# Task goal
What is needed is an exact copy of the records below, minus any pictures.
+++ Extracted data +++
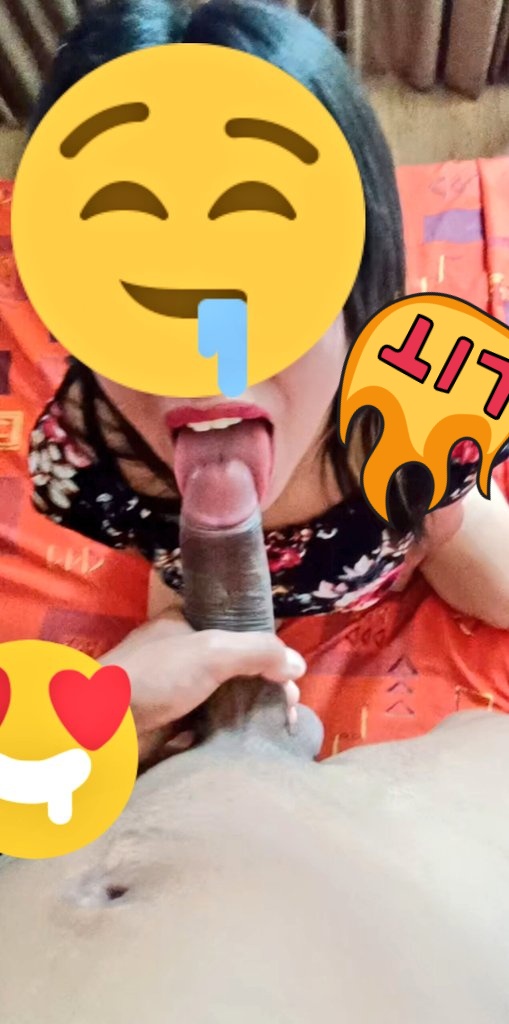 Alguna otra mami que me la quiera chupar.

Cómo me gusta ponerla así y a ella le encanta... 😍🙋🏾‍♂️🍫🥛

Manda mensaje y listo !
Todo en orden y con higiene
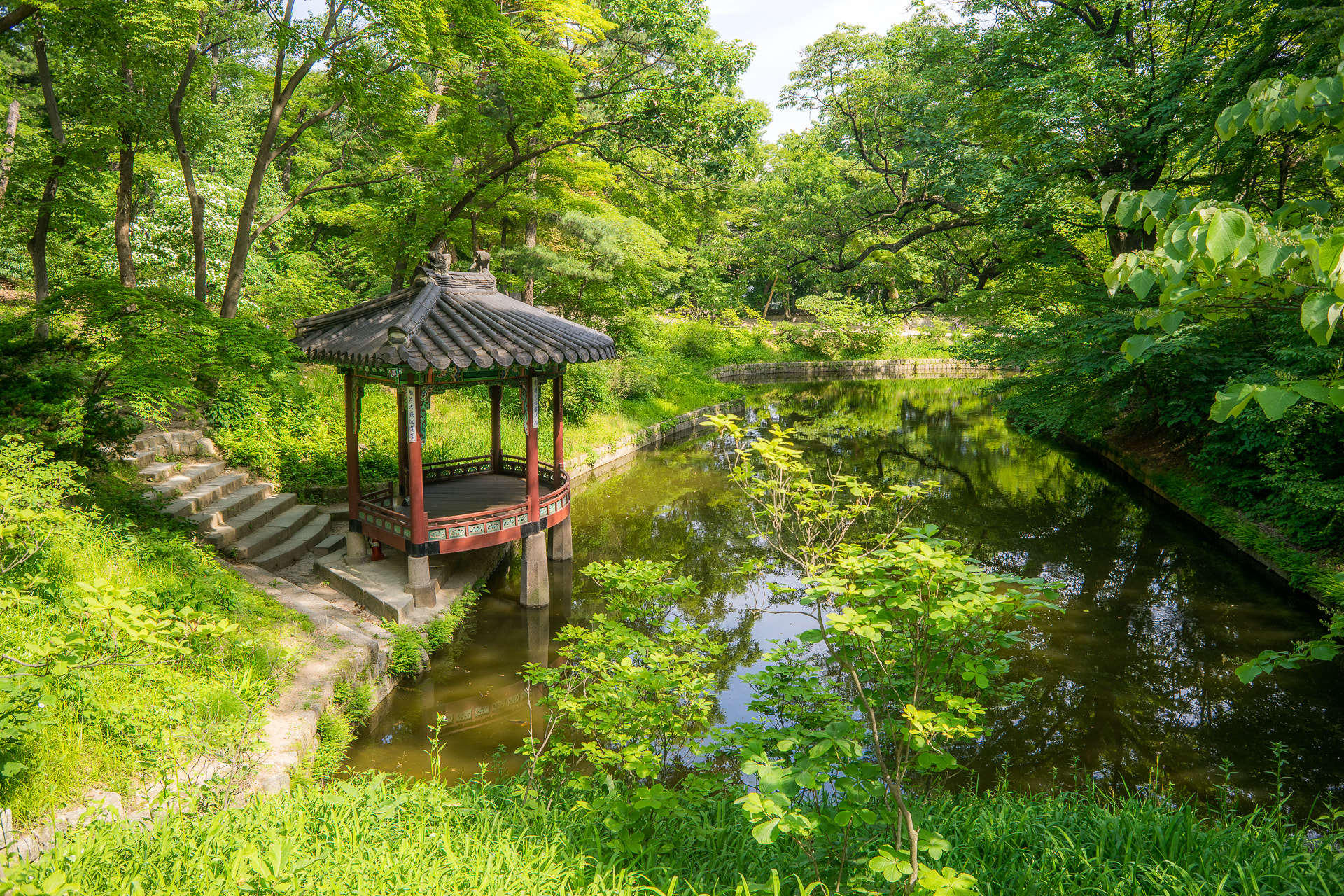 Sony a7 + Sony 28mm F2.8 sample photo. Secret garden of changdeokgung photography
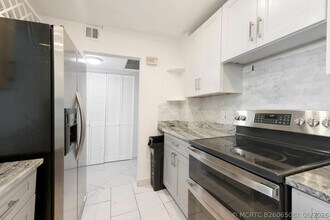 Building Photo - 3800 N Hills Dr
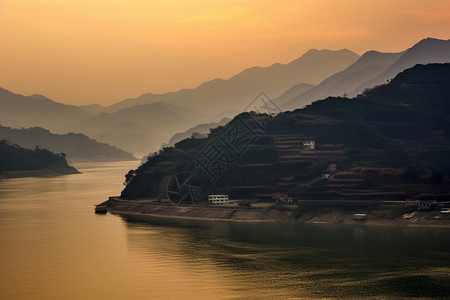 晨雾中的河流山脉图片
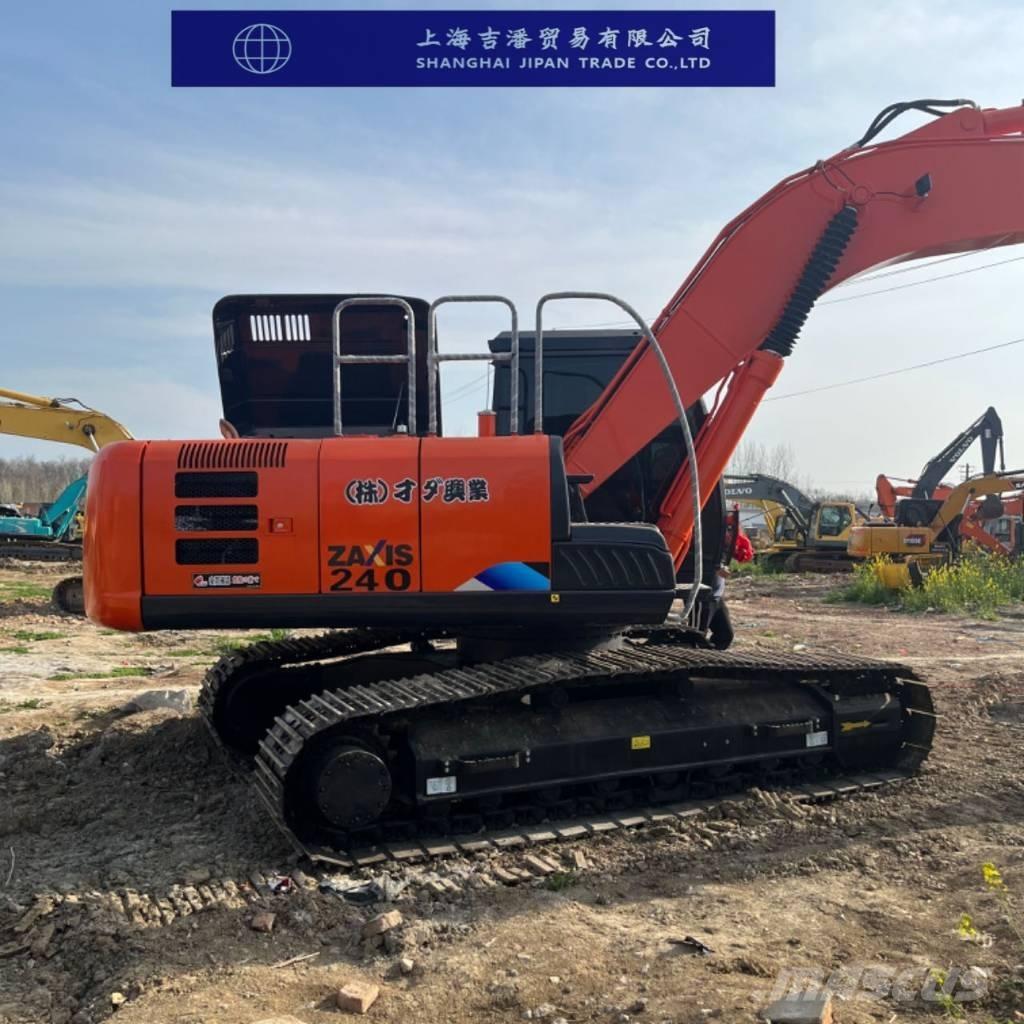 Hitachi ZX 240 Гусеничные экскаваторы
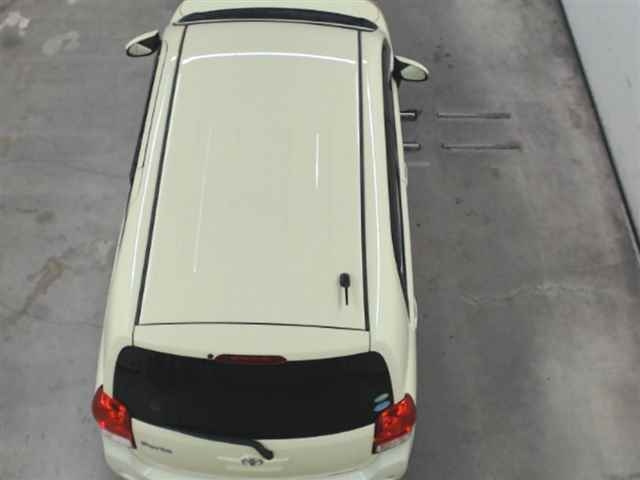 TOYOTA PORTE 2012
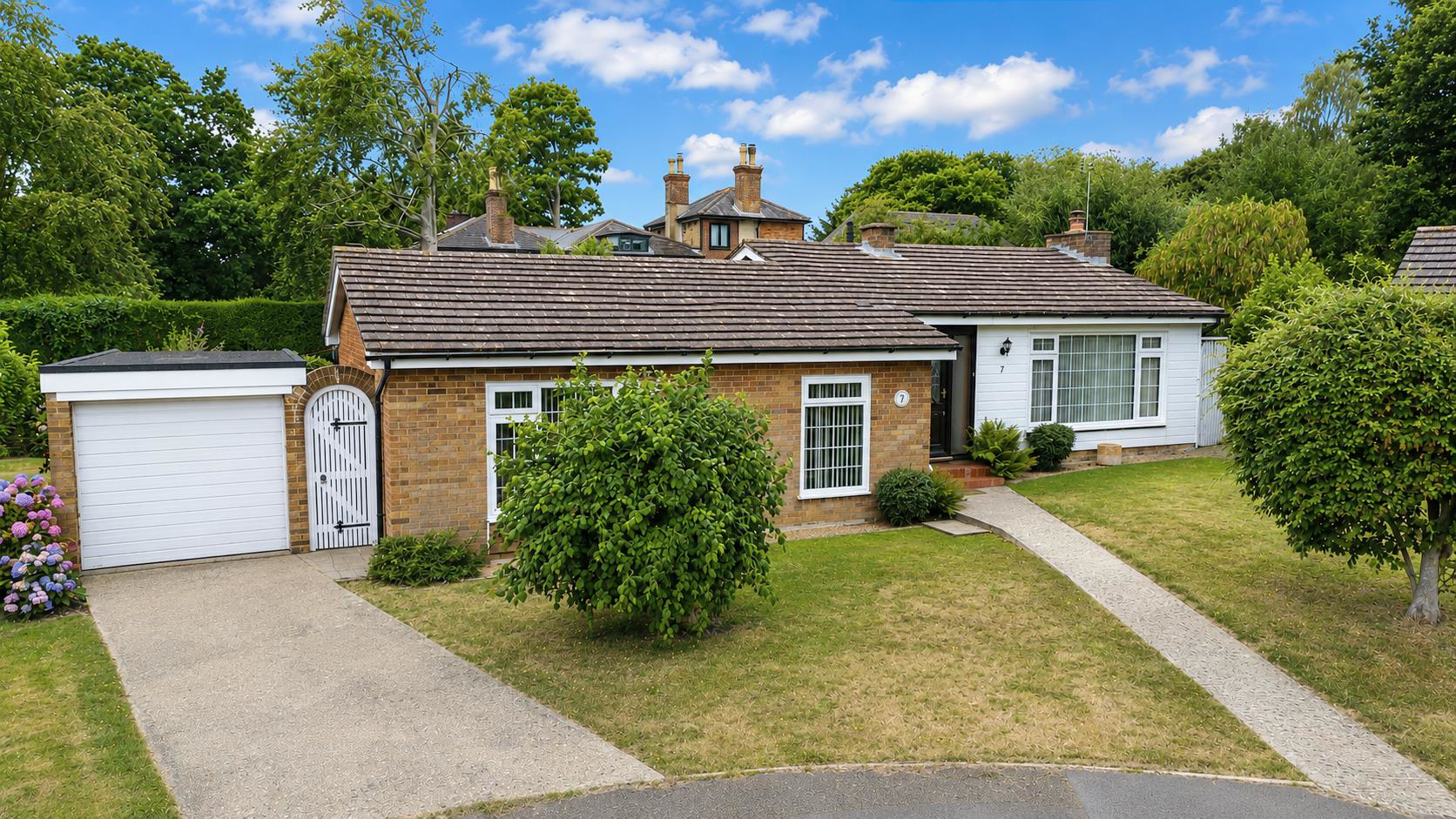 North Ridge, Northiam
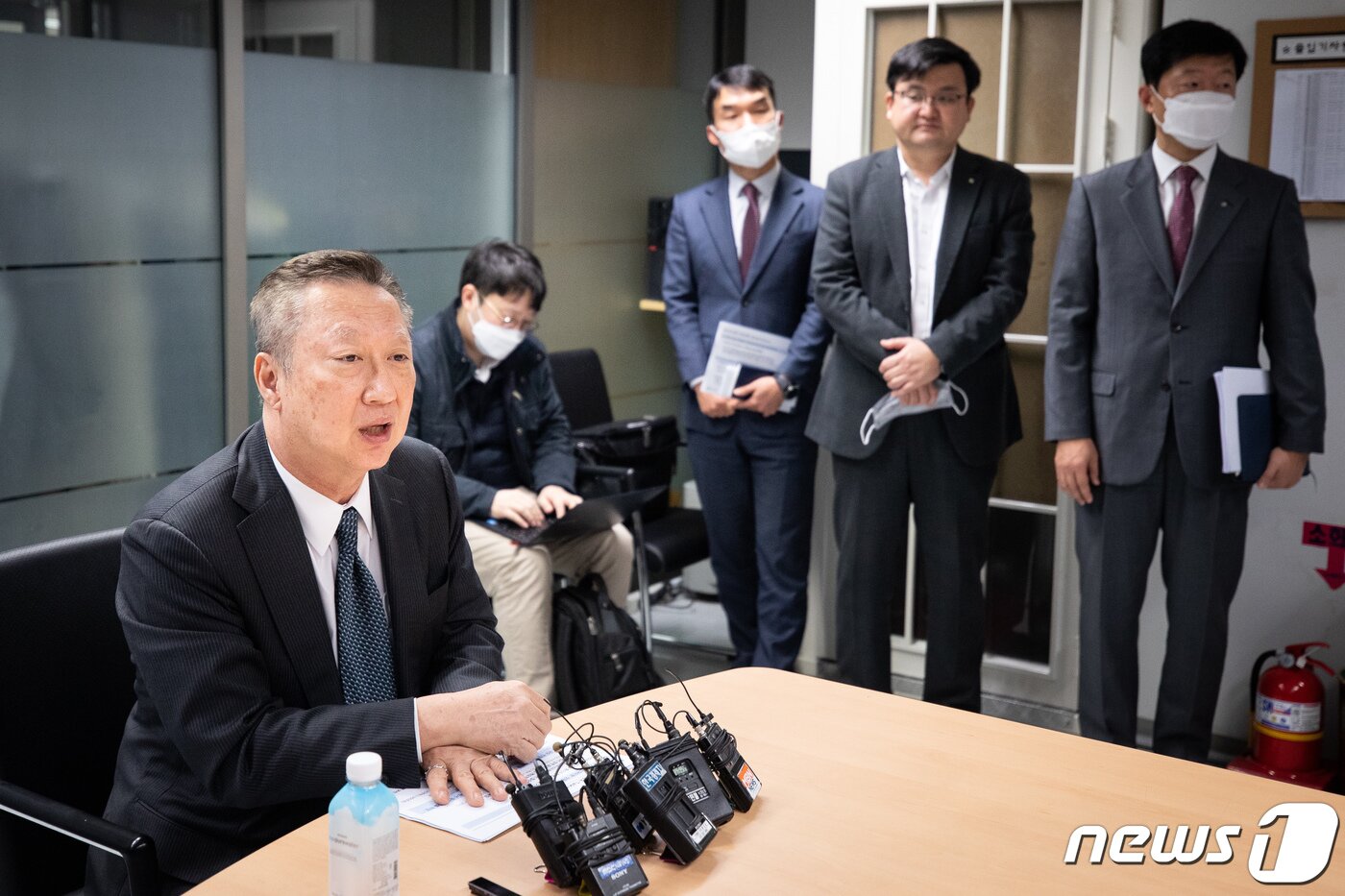 본문 이미지 - 박용만 대한상공회의소 회장이 지난 3월 9일 서울 중구 대한상의 기자실에서 신종 코로나바이러스 감염증(코로나19) 관련 기자간담회를 열고 추경액에 대한 입장을 밝히고 있다. 박 회장은 이날 기자회견에서 "코로나19 추경 규모를 전향적으로 확대할 필요가 있다＂며 ＂11조7000억원으로는 코로나19 사태로 인한 피해를 회복하기에 역부족＂이라고 덧붙였다. 2020.3.9/뉴스1 ⓒ News1 유승관 기자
+++
# Solution to this task
 Alguna otra mami que me la quiera chupar.

Cómo me gusta ponerla así y a ella le encanta... 😍🙋🏾‍♂️🍫🥛

Manda mensaje y listo !
Todo en orden y con higiene
 Sony a7 + Sony 28mm F2.8 sample photo. Secret garden of changdeokgung photography
 Building Photo - 3800 N Hills Dr
 晨雾中的河流山脉图片
 Hitachi ZX 240 Гусеничные экскаваторы
 TOYOTA PORTE 2012
 North Ridge, Northiam
 본문 이미지 - 박용만 대한상공회의소 회장이 지난 3월 9일 서울 중구 대한상의 기자실에서 신종 코로나바이러스 감염증(코로나19) 관련 기자간담회를 열고 추경액에 대한 입장을 밝히고 있다. 박 회장은 이날 기자회견에서 "코로나19 추경 규모를 전향적으로 확대할 필요가 있다＂며 ＂11조7000억원으로는 코로나19 사태로 인한 피해를 회복하기에 역부족＂이라고 덧붙였다. 2020.3.9/뉴스1 ⓒ News1 유승관 기자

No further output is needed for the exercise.